WORK TO COMPLETE: Where the line containing "Install a starter" appears, begin retyping; continue exactly through the final line of the data. Omit every picture.

Data extracted from a collection:
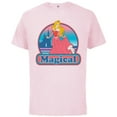 thumbnail image 1 of Disney Princess Aurora Magical Retro - Short Sleeve Cotton T-Shirt for Adults - Customized-Soft Pink, 1 of 5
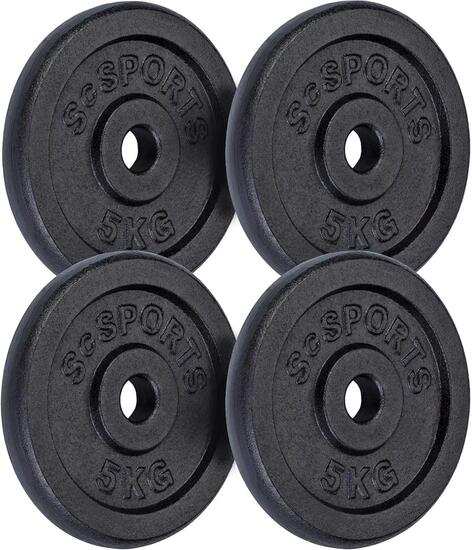 Hantelscheiben Gusseisen 30/31 mm 20 KG (4 x 5 KG)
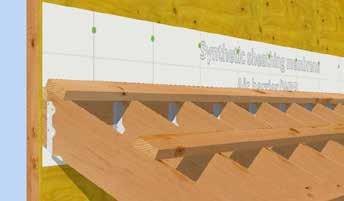 Install a starter strip of sheathing membrane to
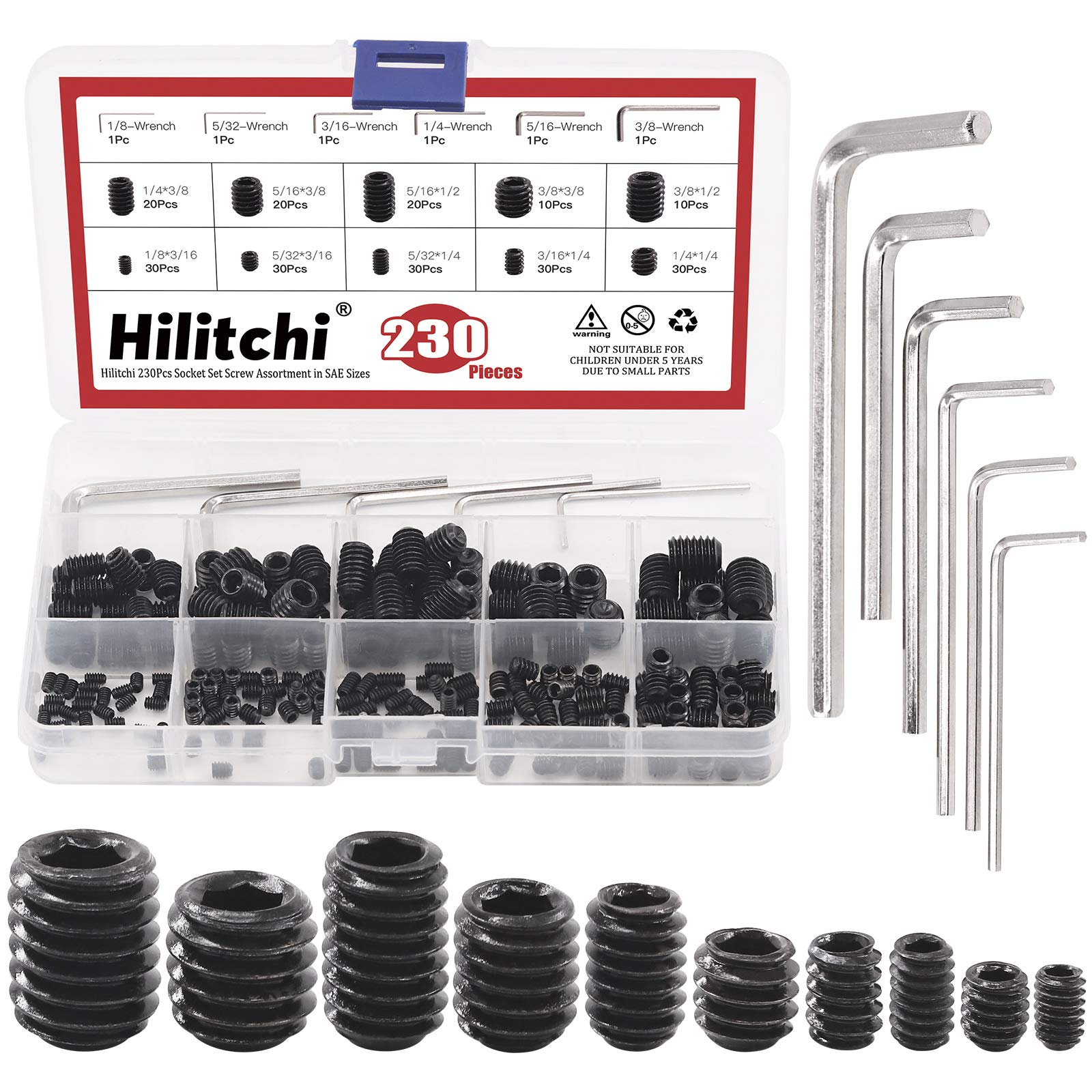 Algopix Similar Product 10 - Hilitchi 295Pcs M34568 304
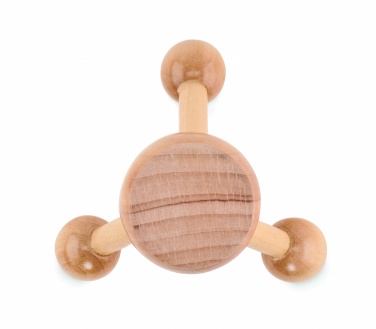 Logotrade promotional giveaway image of: Hand held massager in wood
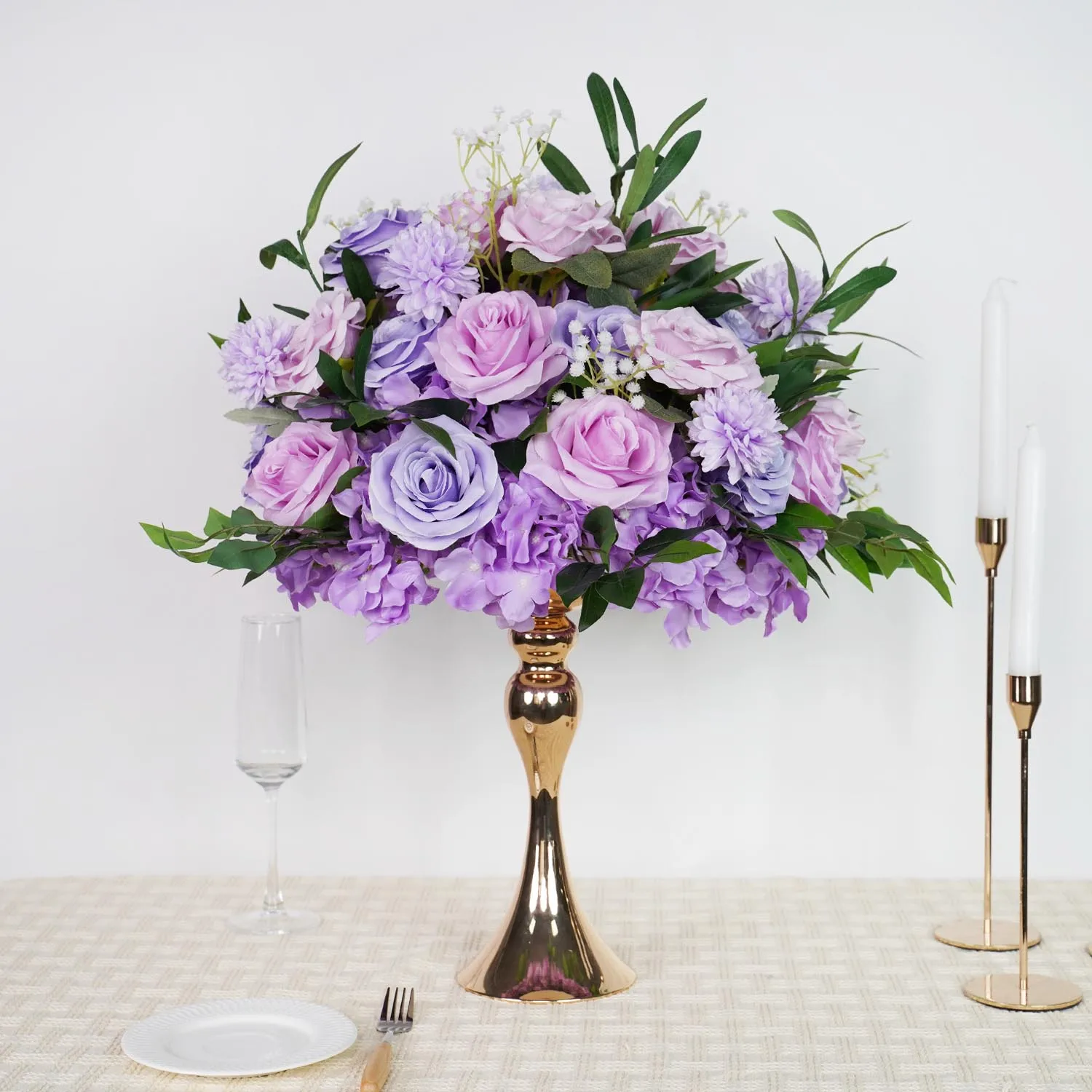 Uflower Purple Rose Babysbreath Flower ball Wedding Decoration Floral Arrangement Table Centerpieces Floor Artificial Flowers
Uflower Purple Rose Babysbreath Flower ball Wedding Decoration Floral Arrangement Table Centerpieces Floor Artificial Flowers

PROBLEM SOLUTION:
 Install a starter strip of sheathing membrane to
 Algopix Similar Product 10 - Hilitchi 295Pcs M34568 304
 Logotrade promotional giveaway image of: Hand held massager in wood
 Uflower Purple Rose Babysbreath Flower ball Wedding Decoration Floral Arrangement Table Centerpieces Floor Artificial Flowers
Uflower Purple Rose Babysbreath Flower ball Wedding Decoration Floral Arrangement Table Centerpieces Floor Artificial Flowers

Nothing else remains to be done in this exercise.